In the Hills, enough Jewish families to make an active Havurah live among newly-constructed Christian compounds and lots still filled with rusted vehicles and prickly people. There are also an increasing number of VRBOs and Air BNBs. Austin is growing, and people are searching further afield for a Bohemian Texas. Lake Austin now supports a plethora of high-end restaurants and coffee shops. Meanwhile, local TV is glutted with advertisements for potential politicians touting their closeness to the current president and their commitment to mass deportations, dismantling “woke DEI” and protection of Texas heritage. As I enjoyed an amazing carnitas Rojas and family-recipe chicken mole, and the best flan I’ve ever tasted, I wondered what heritage they were talking about. Having spent two days looking through boxes of bags, scarves, and jewelry that belonged to three generations of strong and beautiful women in my family, tangible heritage was very much on my mind.
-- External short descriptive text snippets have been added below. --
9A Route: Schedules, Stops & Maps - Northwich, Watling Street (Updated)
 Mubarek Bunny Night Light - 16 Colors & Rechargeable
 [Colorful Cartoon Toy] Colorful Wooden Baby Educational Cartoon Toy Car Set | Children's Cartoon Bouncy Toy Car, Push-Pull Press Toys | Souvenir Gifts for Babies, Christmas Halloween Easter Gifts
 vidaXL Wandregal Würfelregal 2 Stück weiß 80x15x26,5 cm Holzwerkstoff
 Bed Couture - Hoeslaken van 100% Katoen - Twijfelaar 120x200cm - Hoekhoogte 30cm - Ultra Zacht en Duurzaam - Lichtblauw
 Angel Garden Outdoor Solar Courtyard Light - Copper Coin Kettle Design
But the heritage people guard most fiercely is often intangible and almost always ephemeral.
In San Antonio, after a fabulous spa day overlooking a hill preserved by La Cantera as a golf course, my aunt and I got ready for the rodeo, in San Antonio for a week before moving on to three next stop in its annual Texas circuit. I proudly donned the cowboy boots I purchased 20 years ago in Colorado, and a beautiful hat I borrowed from my aunt, and joined the parade of people decked out in their Texas finery. At the edge of a working-class neighborhood, a tangle of highways away from the exclusive loveliness of La Cantera, the rodeo took place in the same stadium where the Spurs play basketball.